Estudo mostrou que o bloqueio da proteína Rac1 permite proteger e restaurar a função das células nervosas, travando a progressão da doença.
a cientista Márcia Liz liderou a investigação, desenvolvida em colaboração com o Departamento de Neuropatologia do Hospital de Santo António. Foto: i3S
Um trabalho de investigação desenvolvido no Instituto de Investigação e Inovação em Saúde da Universidade do Porto (i3S) e liderado pela cientista Márcia Liz, permitiu descobrir um novo alvo terapêutico para prevenir ou tratar a Amiloidose Hereditária por Transtirretina, também conhecida como Polineuropatia Amiloidótica Familiar (PAF) ou “doença dos pezinhos”. O estudo foi recentemente publicado na prestigiada revista Cell Reports e abre portas para futuros estudos pré-clínicos com vista a melhorar a qualidade de vida destes doentes.
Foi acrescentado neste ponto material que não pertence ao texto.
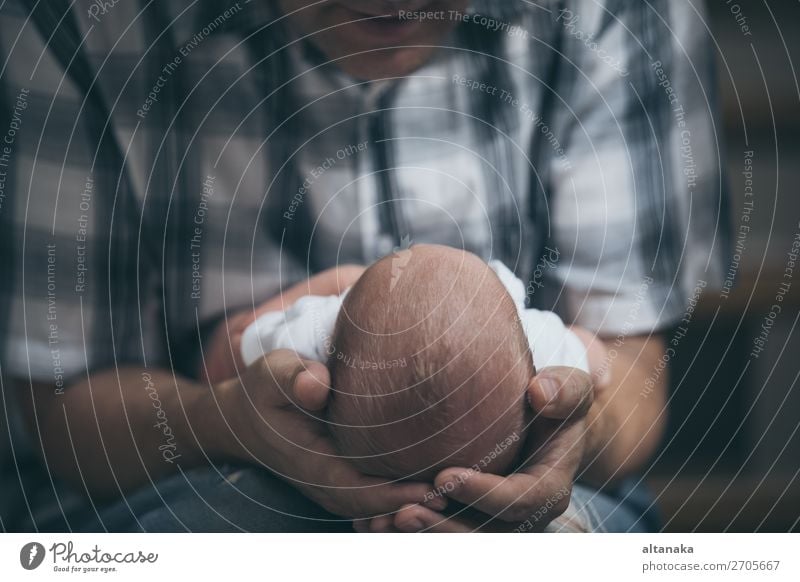 Vater hält neugeborenen Sohn zur Tageszeit. Konzept der glücklichen Familie. Lifestyle Freude Glück Leben Erholung Freizeit & Hobby Spielen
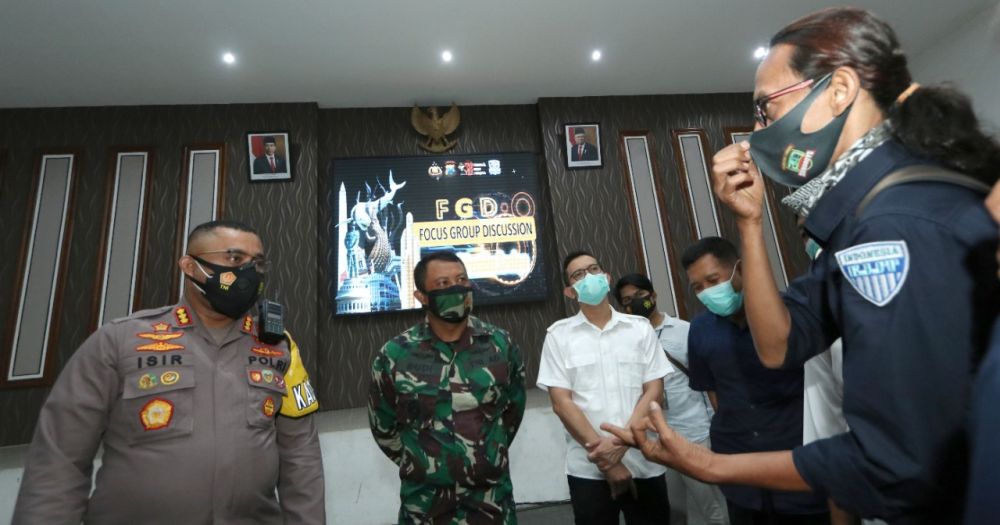 Sinergitas TNI-Polri Garda Depan Bagi Vaksin Program Nasional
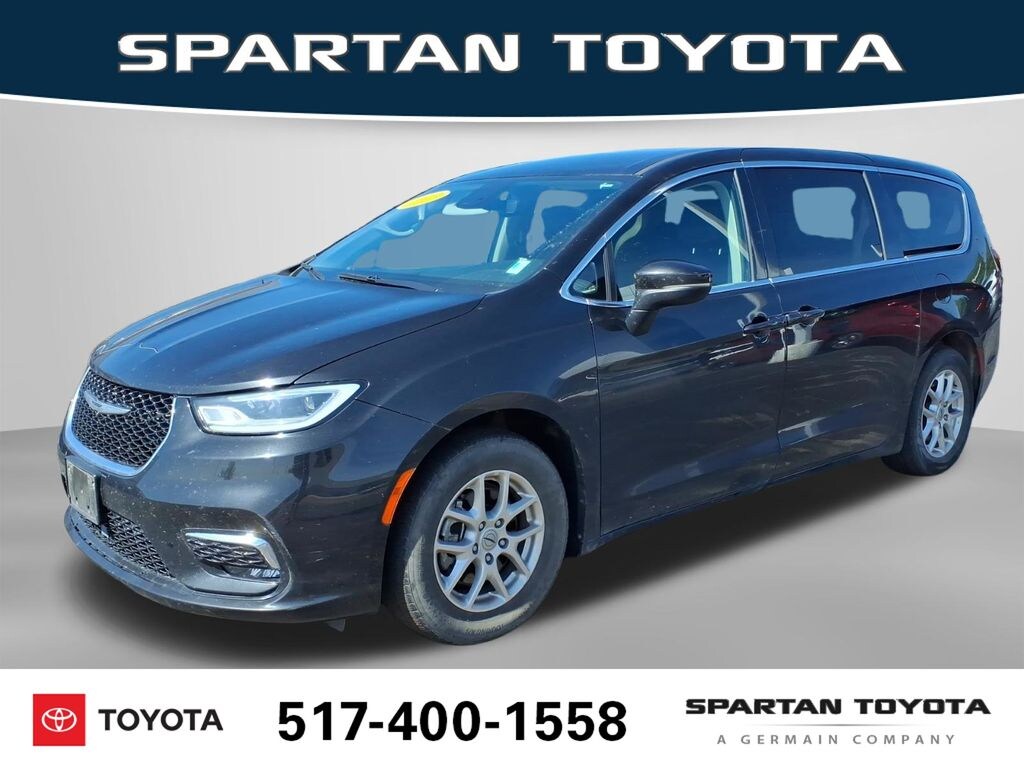 Used 2023 Chrysler Pacifica Touring L Van Passenger Van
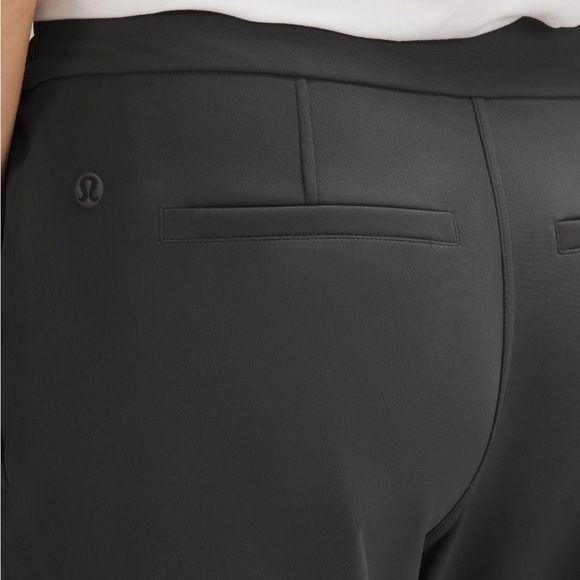 Tapered-Leg Mid-Rise 7/8 Pant *Luxtreme - Picture 5 of 11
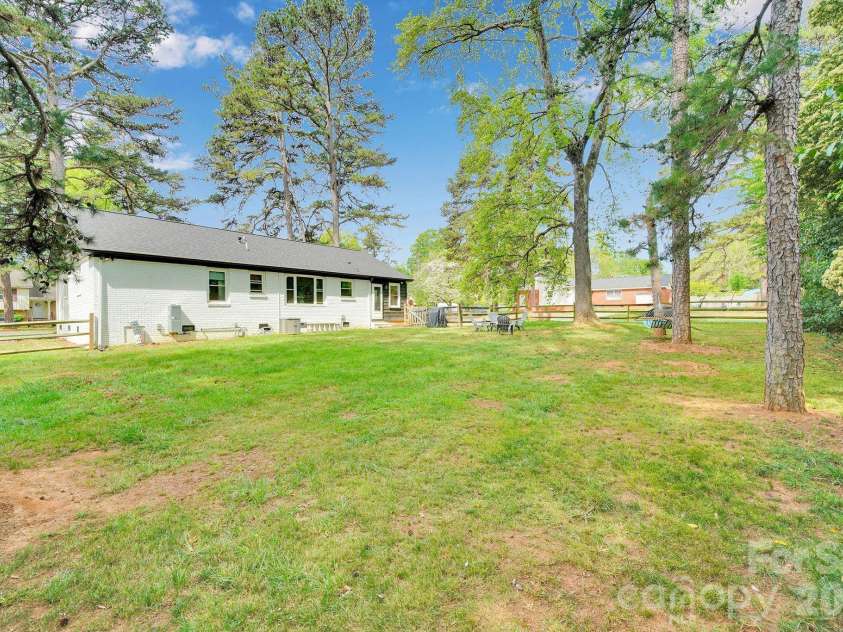 5201 Amity Place, Charlotte, NC 28212.  MLS# CAR4367578, YatesRealty ID 10466. 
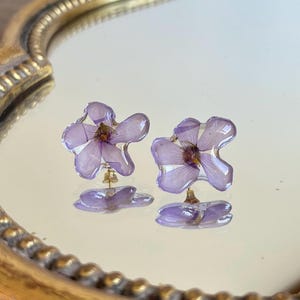 Resin flower earrings, dried flower earrings, hydrangea flower earrings, real flower jewelry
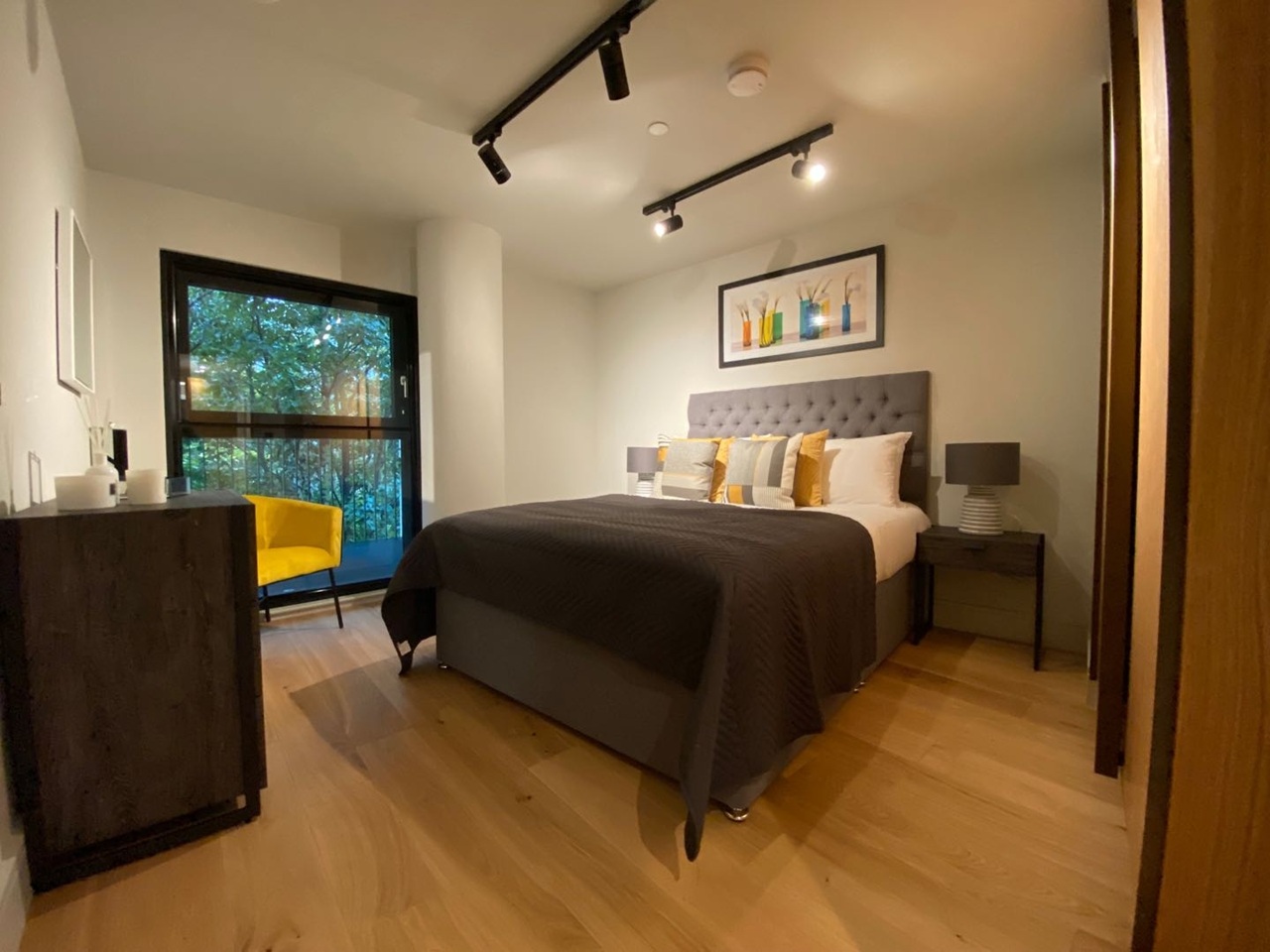 Additional image 3 of 2 Bed Flat, Tower Bridge Road, SE1, N1 7GU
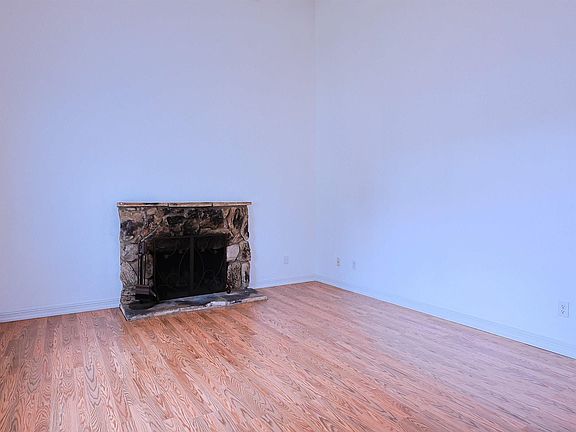 3rd image of 520 Pamela Dr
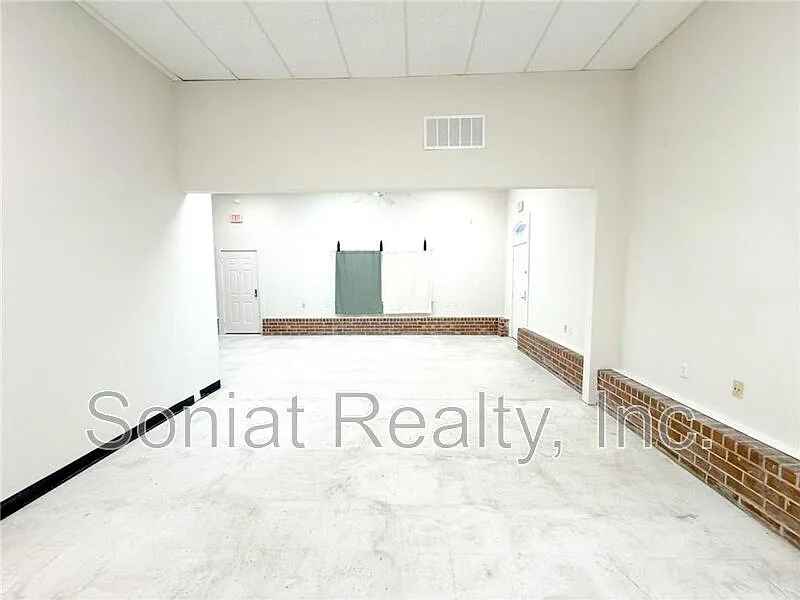Studio, 1000 sqft, $1,300 — Photo 2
Apesar de se tratar de uma condição genética rara, com 10 mil casos estimados em todo o mundo, a doença tem um impacto relevante em Portugal, já que quase metade dos doentes identificados na Europa são portugueses. A doença é causada por mutações no gene TTR, que é responsável pela produção da proteína transtirretina, que é naturalmente produzida pelo nosso fígado e responsável pelo transporte da vitamina A e da hormona tiroideia. Mas quando a transtirretina está alterada, tende a acumular-se de forma desorganizada sobretudo nos nervos periféricos, levando à formação de depósitos e à perda de sensibilidade e de força muscular.
Neste estudo desenvolvido no i3S, e em colaboração com o Departamento de Neuropatologia do Hospital de Santo António, “utilizámos um modelo de ratinho para compreender melhor como esta doença danifica os nervos periféricos e descobrimos que, antes destes começarem a degenerar, já existem alterações na estrutura interna das células nervosas, especialmente no citoesqueleto que dá forma às células e que é crucial para a função dos neurónios”, explica Márcia Liz, agora investigadora na Unidade de Multidisciplinar de Investigação Biomédica (UMIB) do Instituto de Ciências Biomédicas da U.Porto (ICBAS).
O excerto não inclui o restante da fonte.